Creative writing has been a big fear of mine for a long time. I remember it being something I fearlessly enjoyed once, but that time passed so long ago I can barely remember the words I wrote and the feelings they conjured within me. It has been so long that I don’t even know where to find the stories, and if I did, the papers would probably be in tatters, darkened and consumed by time. So many years have passed since then that it almost feels like another person’s story; another person’s path not taken. But the best thing about life, at least mine, is that the path is hardly ever straight and easy. There are steep inclines, rugged terrains and winding roads that if you’re lucky, wind back around to give you a second chance at exploring a previously untrodden path.

This unfamiliar journey started with this residency. I spent the first couple weeks researching for a critical essay that I hoped would inform my visual work. It was what I had planned to do, it was what I felt comfortable with, having written strictly academically for the last few years. It was the safe option. However deep down, something just felt a little off. Residencies are supposed to push you out of your comfort zone and encourage you to explore and experiment – something I love to do – but I was resisting it.

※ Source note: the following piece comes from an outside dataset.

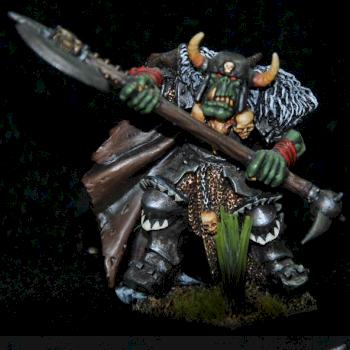 Black Orc Boss by capopik
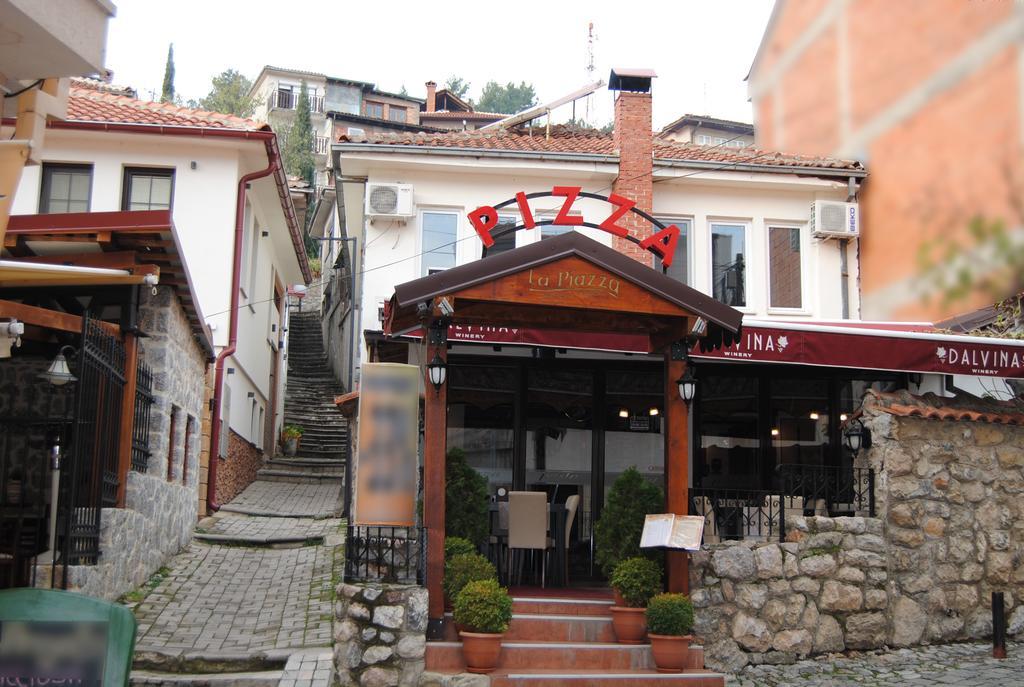 La Piazza Lejlighed Ohrid Eksteriør billede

It has been a long time since I’ve felt truly afraid to do something creative.

My visual work still scares me, and I hope it never stops. Having to learn and discover, fail and adapt is what excites me. Yet, while that has become a fear I have learned to embrace and use as fuel to push my visual practice, this fear is as yet uncharted. There is no evidence that the failures I’ll endure along this path will result in something fruitful. It has not yet proven itself to me, nor have I proven myself to it. It is my hope that this confrontation will clear the way for a bridge between my visual and literary work. I love combining different techniques and art-forms in what I create, and the challenge of merging both of these worlds into one thrills me. Sonia Farmer’s “A True and Exact History” stands on that bridge. The fusing of visual, tactile and literal is simply breathtaking and stole away much of my time this week.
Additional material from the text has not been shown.